The task:
Include the line containing "Bibliografia española Madrid, 1855" and every line after it up to the end of the material below; reproduce them exactly and drop the pictures.

Information provided:
BEGIN

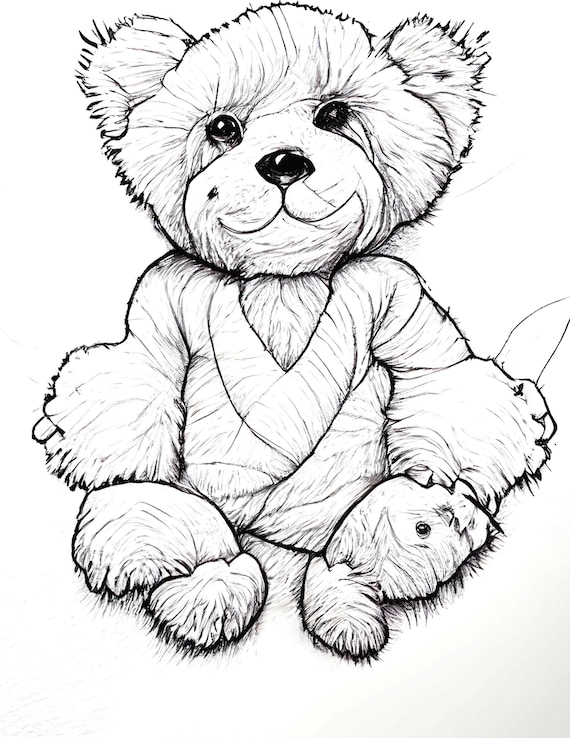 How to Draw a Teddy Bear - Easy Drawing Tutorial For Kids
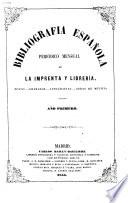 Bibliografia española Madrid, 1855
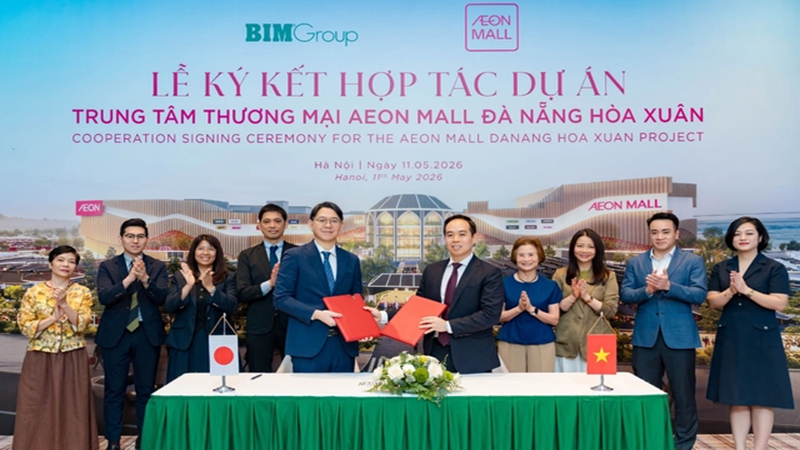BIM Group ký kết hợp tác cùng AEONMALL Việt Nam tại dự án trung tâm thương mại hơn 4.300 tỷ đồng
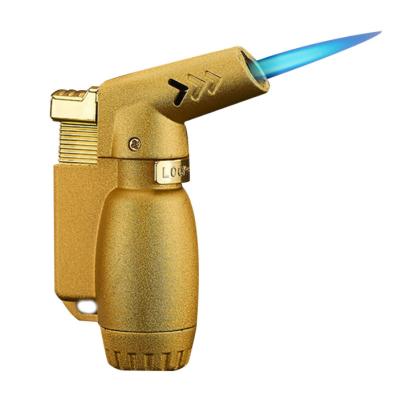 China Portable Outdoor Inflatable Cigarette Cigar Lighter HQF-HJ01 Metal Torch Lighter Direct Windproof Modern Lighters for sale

END

Solution for this task:
 Bibliografia española Madrid, 1855
BIM Group ký kết hợp tác cùng AEONMALL Việt Nam tại dự án trung tâm thương mại hơn 4.300 tỷ đồng
 China Portable Outdoor Inflatable Cigarette Cigar Lighter HQF-HJ01 Metal Torch Lighter Direct Windproof Modern Lighters for sale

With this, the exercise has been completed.